== Segment start ==

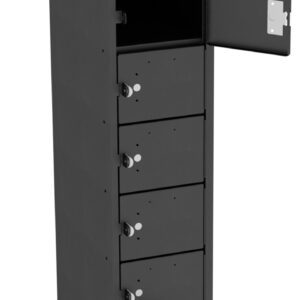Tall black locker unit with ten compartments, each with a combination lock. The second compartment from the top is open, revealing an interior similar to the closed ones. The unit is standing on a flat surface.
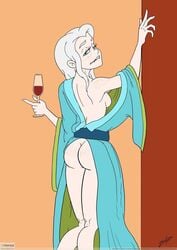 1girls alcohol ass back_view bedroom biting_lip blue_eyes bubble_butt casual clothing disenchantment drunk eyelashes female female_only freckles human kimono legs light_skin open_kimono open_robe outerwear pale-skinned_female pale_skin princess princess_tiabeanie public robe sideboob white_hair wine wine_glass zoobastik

== Segment end ==
== Segment start ==

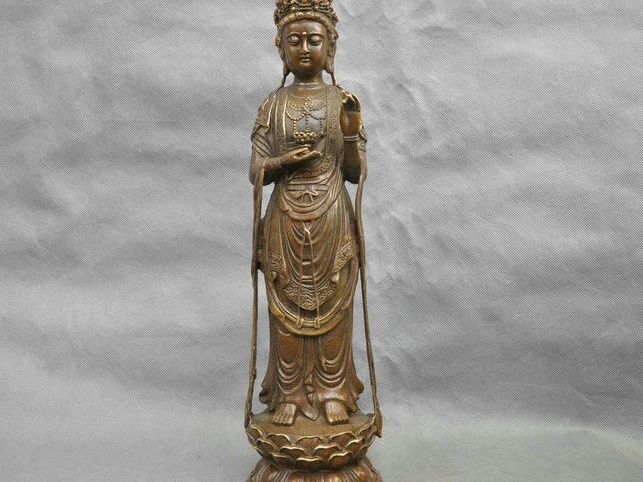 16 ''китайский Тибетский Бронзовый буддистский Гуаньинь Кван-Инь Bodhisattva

== Segment end ==

I'd like the lines above repeated exactly, from the one that contains "Tall black locker" through the one that contains "1girls alcohol ass", with no pictures.

Tall black locker unit with ten compartments, each with a combination lock. The second compartment from the top is open, revealing an interior similar to the closed ones. The unit is standing on a flat surface.
 1girls alcohol ass back_view bedroom biting_lip blue_eyes bubble_butt casual clothing disenchantment drunk eyelashes female female_only freckles human kimono legs light_skin open_kimono open_robe outerwear pale-skinned_female pale_skin princess princess_tiabeanie public robe sideboob white_hair wine wine_glass zoobastik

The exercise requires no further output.